### THE TASK
Pictures aside, print all of the data below exactly as written.

[Web page caption snippets]
********

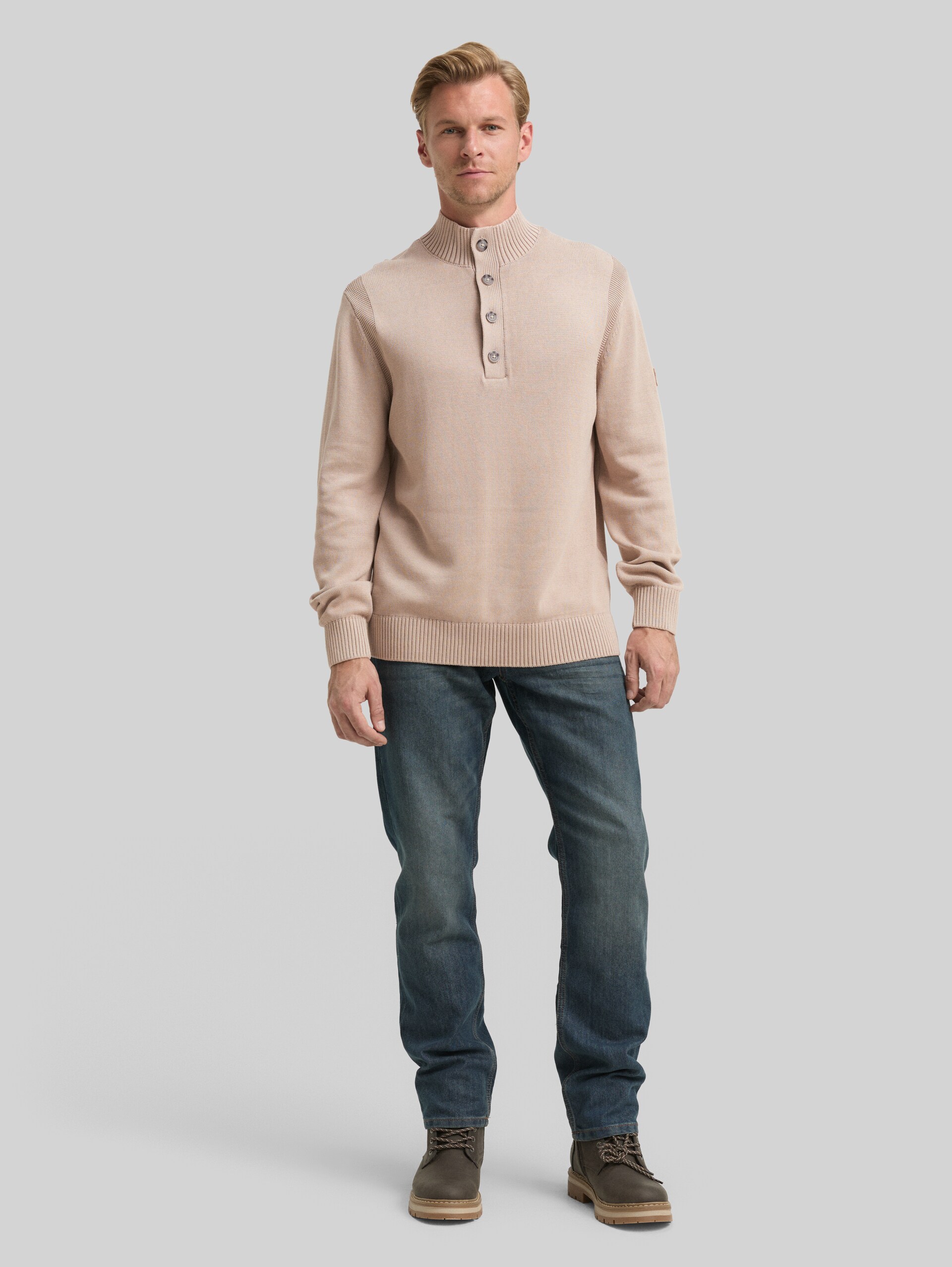 Troyer knitted jumper in a washed cotton look - light cashmere - Model front view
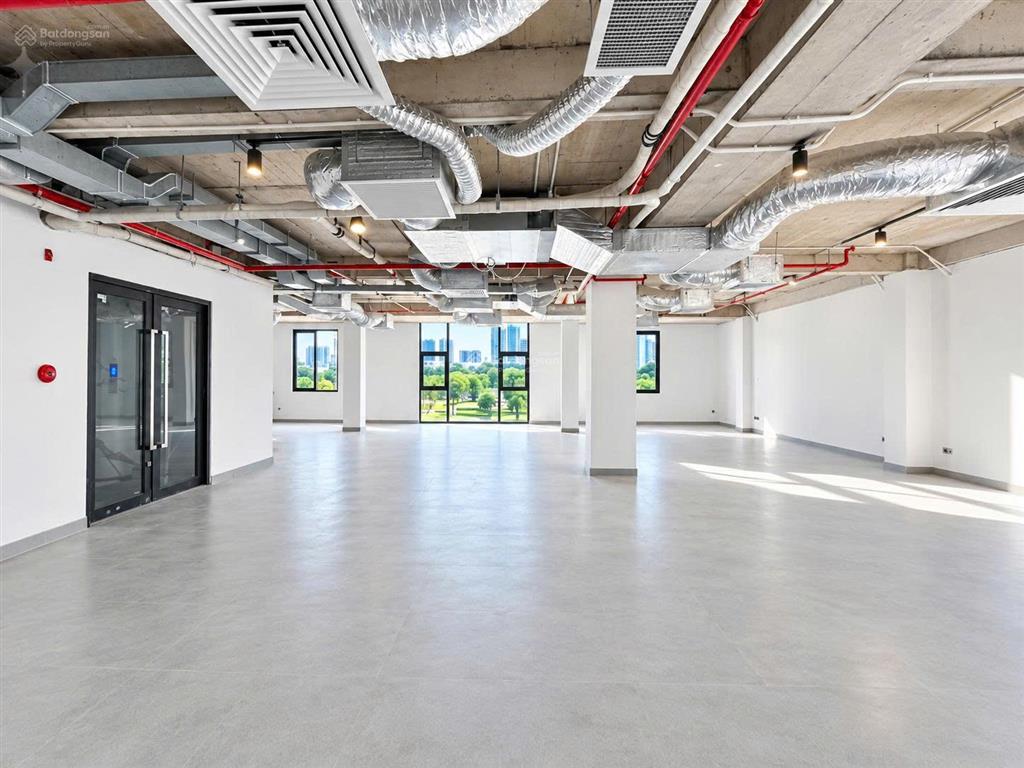 Văn phòng trung tâm quận 3, đường nguyễn sơn hà, dt 160m2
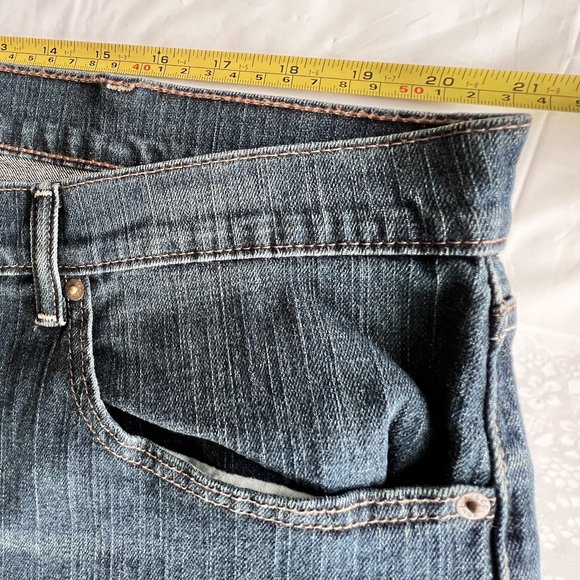 LEVI STRAUSS & CO. Men's 42x32 Style 559 Relaxed Straight Fit Jeans - Picture 12 of 16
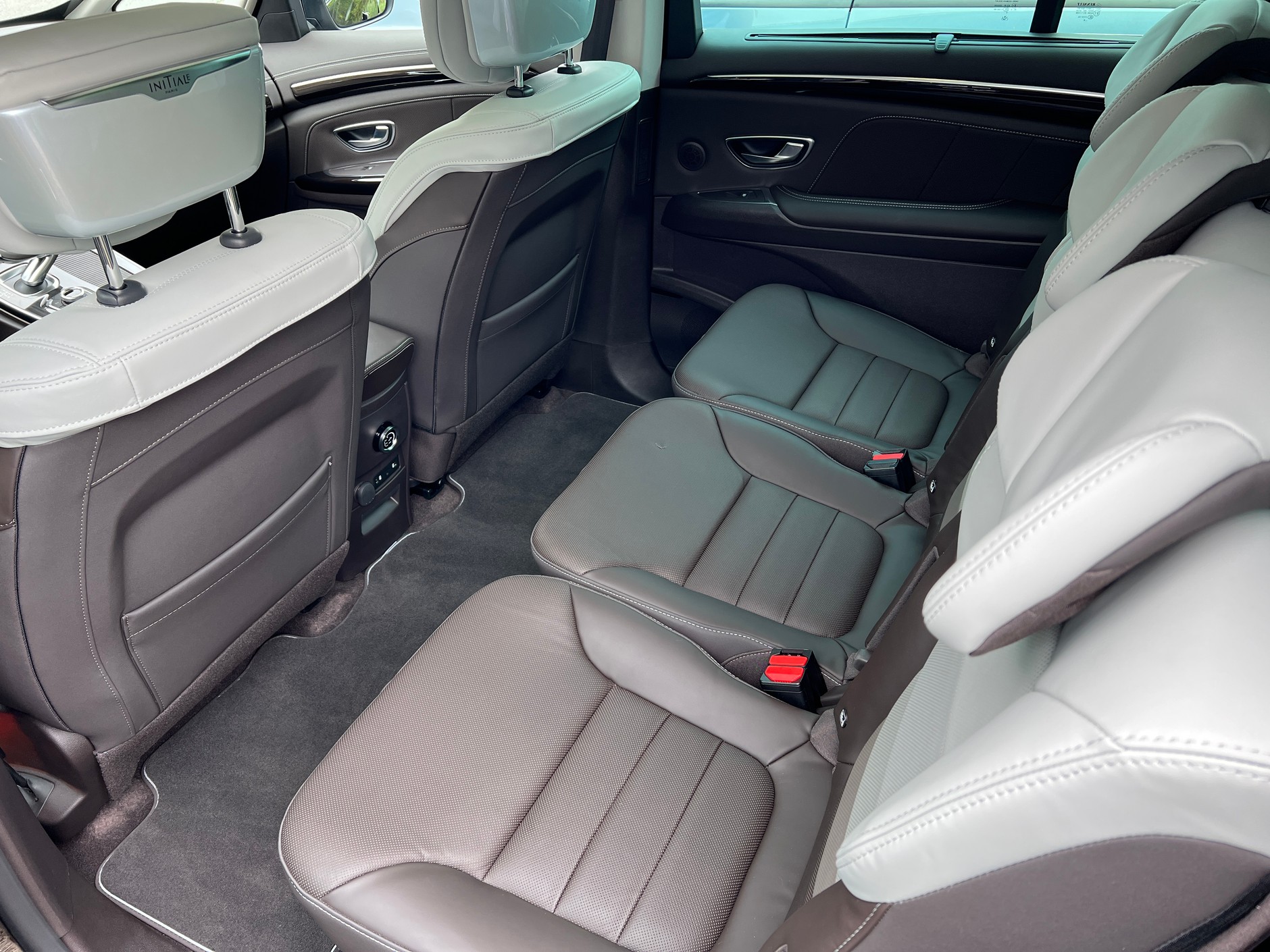 Renault 5. generacji — wnętrze (2018)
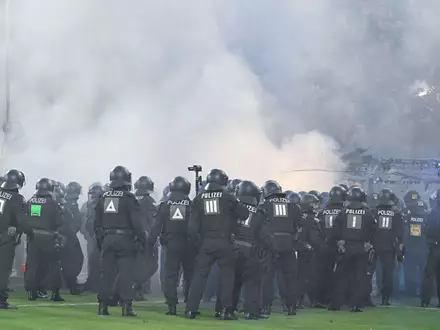 Mussten eingreifen: Polizisten stürmten auch den Mannheimer Block. - Foto: Uwe Anspach/dpa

********

### ANSWER TO THE PROBLEM
 Troyer knitted jumper in a washed cotton look - light cashmere - Model front view
 Văn phòng trung tâm quận 3, đường nguyễn sơn hà, dt 160m2
 LEVI STRAUSS & CO. Men's 42x32 Style 559 Relaxed Straight Fit Jeans - Picture 12 of 16
 Renault 5. generacji — wnętrze (2018)
 Mussten eingreifen: Polizisten stürmten auch den Mannheimer Block. - Foto: Uwe Anspach/dpa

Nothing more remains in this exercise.